▶ _To do_: Whenever a picture appears in the records, exclude it, and transcribe everything else exactly.

————————

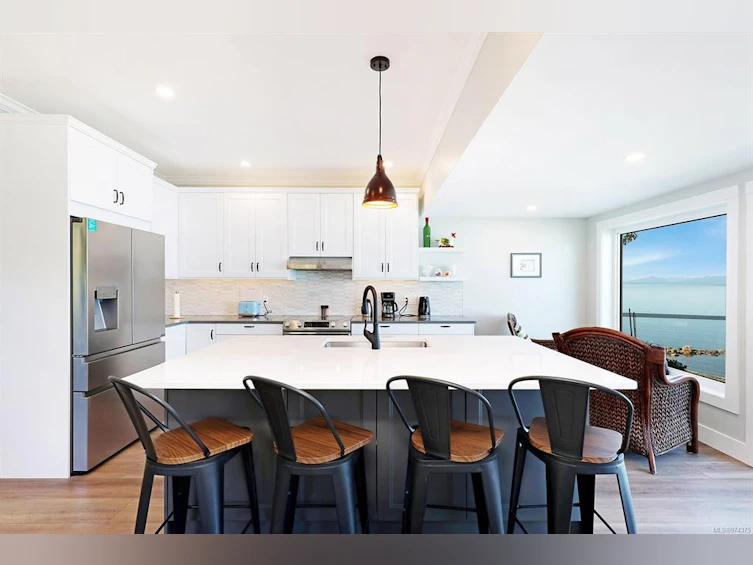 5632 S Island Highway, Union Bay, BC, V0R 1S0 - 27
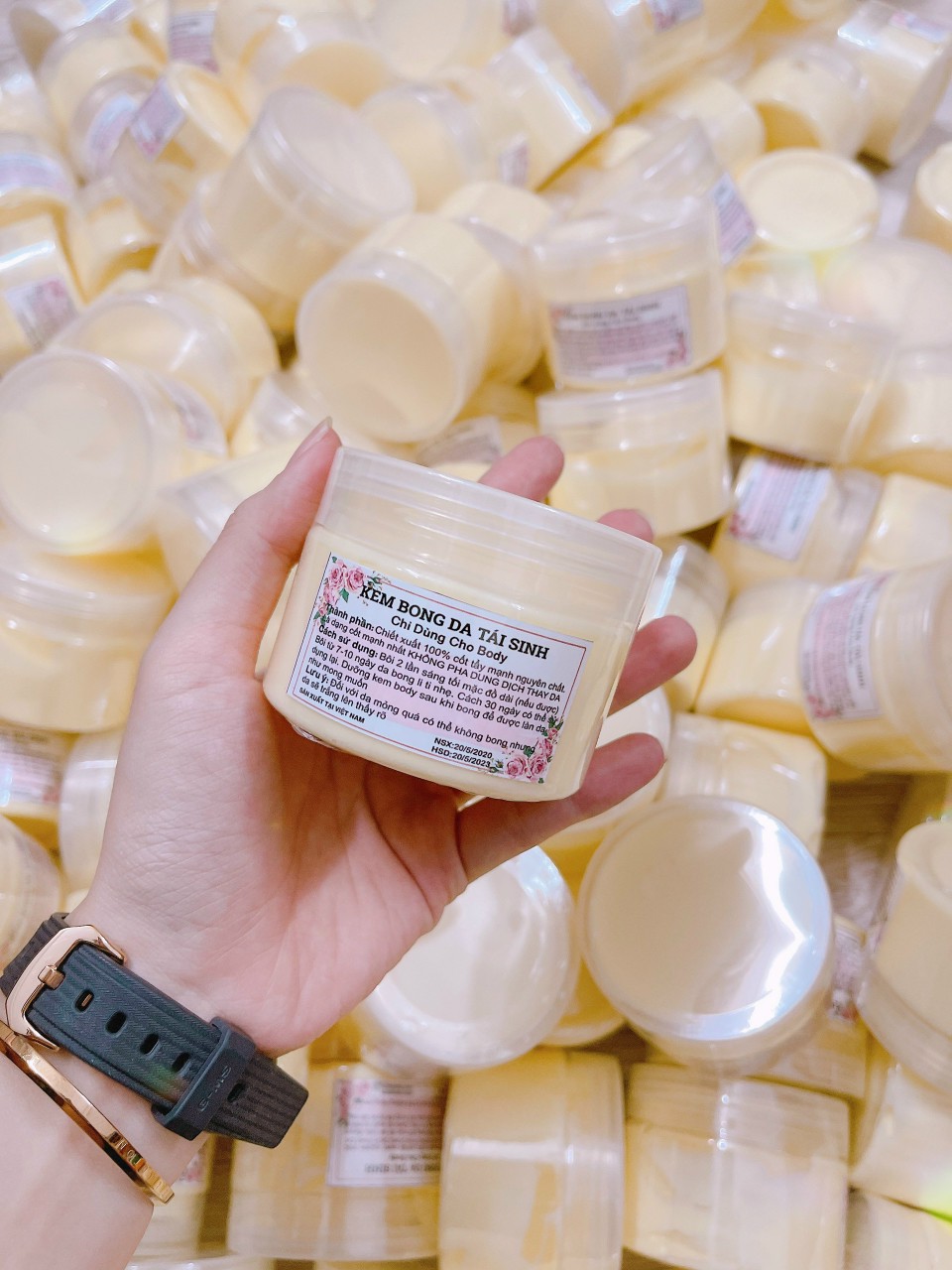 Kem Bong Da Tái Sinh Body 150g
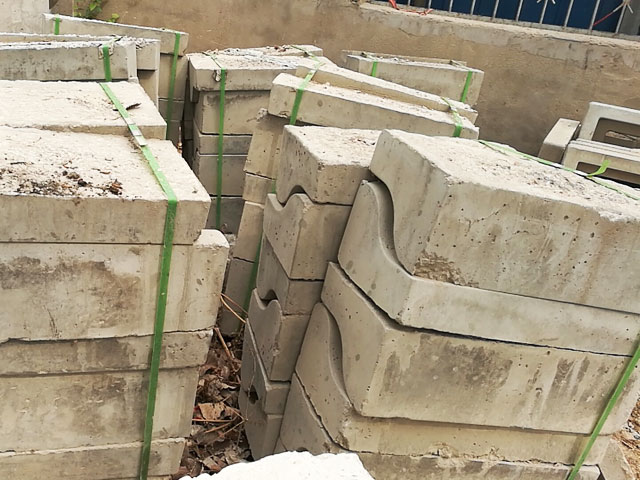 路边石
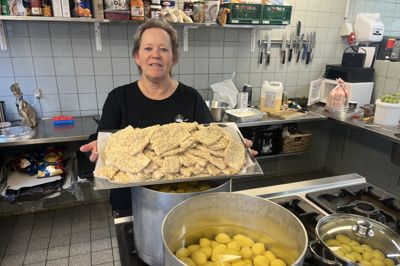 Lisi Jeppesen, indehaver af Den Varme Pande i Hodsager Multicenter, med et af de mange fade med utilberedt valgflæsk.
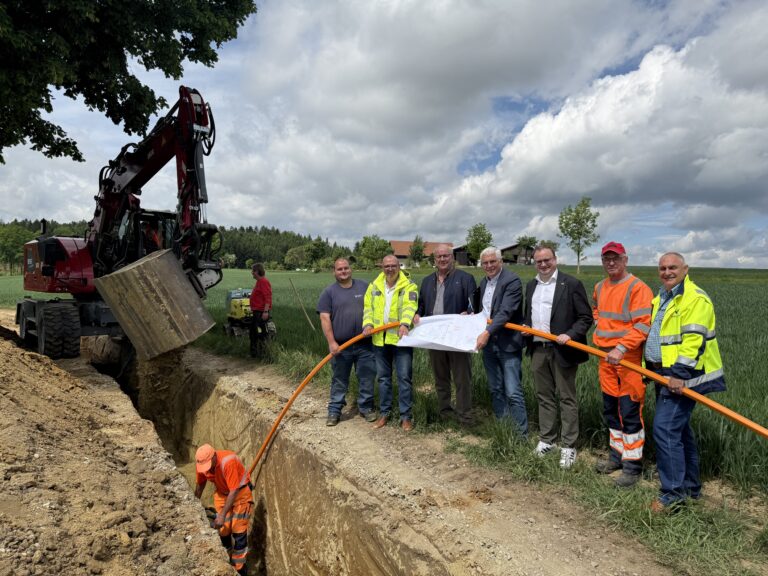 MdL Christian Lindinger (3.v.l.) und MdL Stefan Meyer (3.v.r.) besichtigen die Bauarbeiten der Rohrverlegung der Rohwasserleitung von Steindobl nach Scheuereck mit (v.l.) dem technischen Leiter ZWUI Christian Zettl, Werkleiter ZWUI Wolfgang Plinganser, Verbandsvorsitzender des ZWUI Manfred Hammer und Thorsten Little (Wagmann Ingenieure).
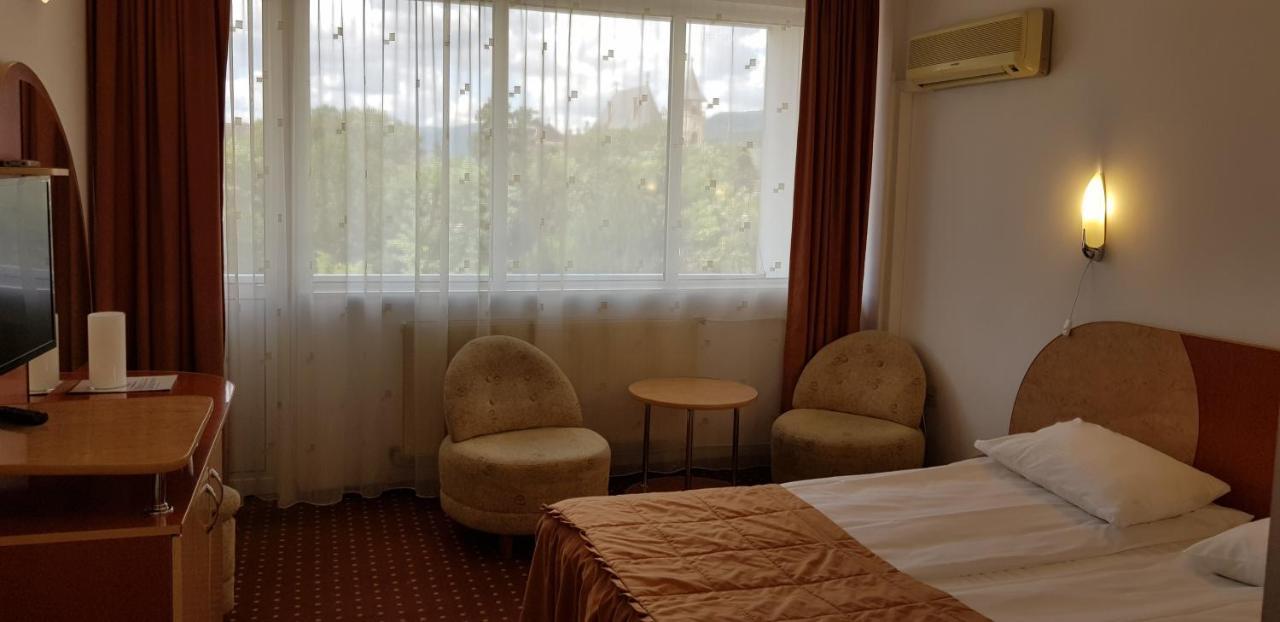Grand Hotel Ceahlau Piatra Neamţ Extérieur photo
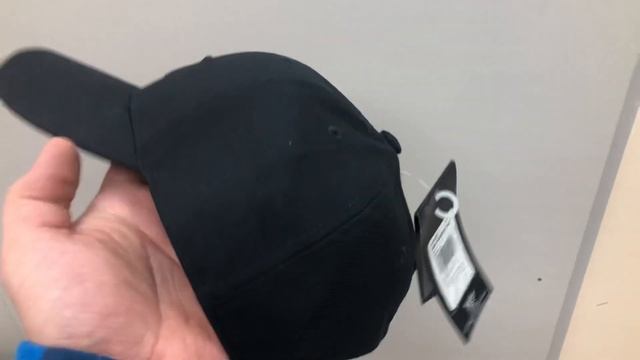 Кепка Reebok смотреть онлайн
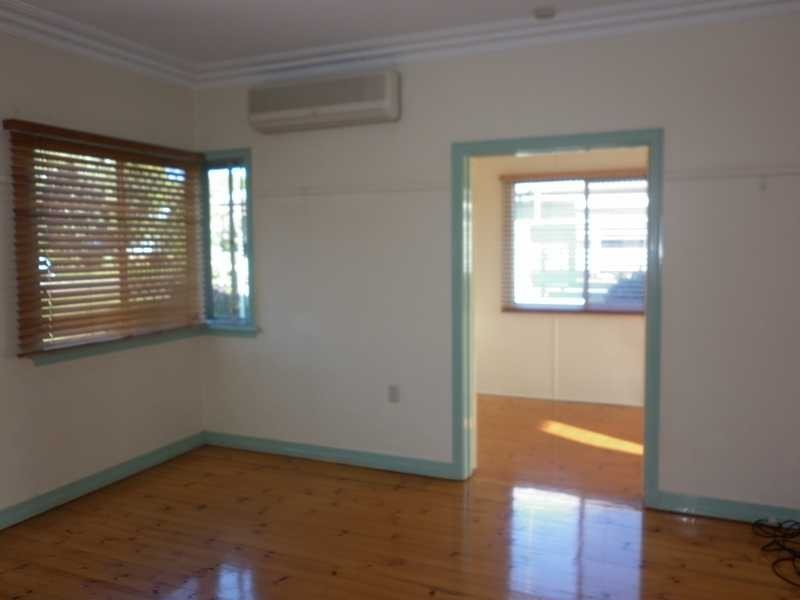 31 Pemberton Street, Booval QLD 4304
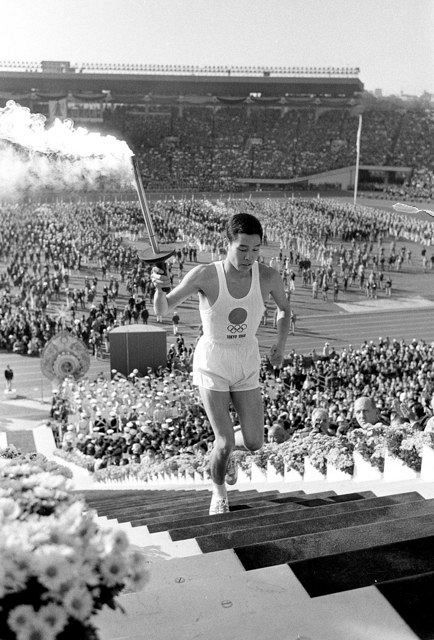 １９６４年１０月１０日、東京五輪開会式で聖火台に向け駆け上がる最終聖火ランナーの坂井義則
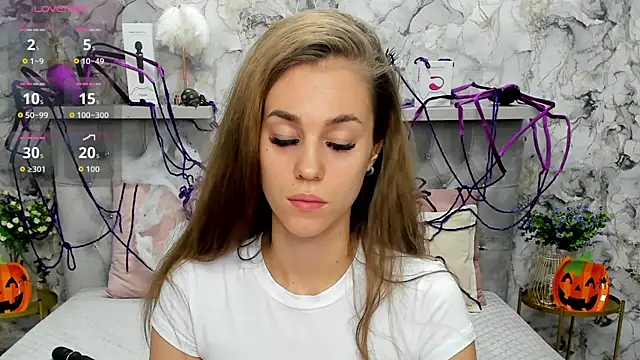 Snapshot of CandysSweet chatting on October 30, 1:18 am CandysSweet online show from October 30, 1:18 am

————————

▶ _Solution for this problem_:
 5632 S Island Highway, Union Bay, BC, V0R 1S0 - 27
 Kem Bong Da Tái Sinh Body 150g
 路边石
 Lisi Jeppesen, indehaver af Den Varme Pande i Hodsager Multicenter, med et af de mange fade med utilberedt valgflæsk.
 MdL Christian Lindinger (3.v.l.) und MdL Stefan Meyer (3.v.r.) besichtigen die Bauarbeiten der Rohrverlegung der Rohwasserleitung von Steindobl nach Scheuereck mit (v.l.) dem technischen Leiter ZWUI Christian Zettl, Werkleiter ZWUI Wolfgang Plinganser, Verbandsvorsitzender des ZWUI Manfred Hammer und Thorsten Little (Wagmann Ingenieure).
Grand Hotel Ceahlau Piatra Neamţ Extérieur photo
 Кепка Reebok смотреть онлайн
 31 Pemberton Street, Booval QLD 4304
 １９６４年１０月１０日、東京五輪開会式で聖火台に向け駆け上がる最終聖火ランナーの坂井義則
 Snapshot of CandysSweet chatting on October 30, 1:18 am CandysSweet online show from October 30, 1:18 am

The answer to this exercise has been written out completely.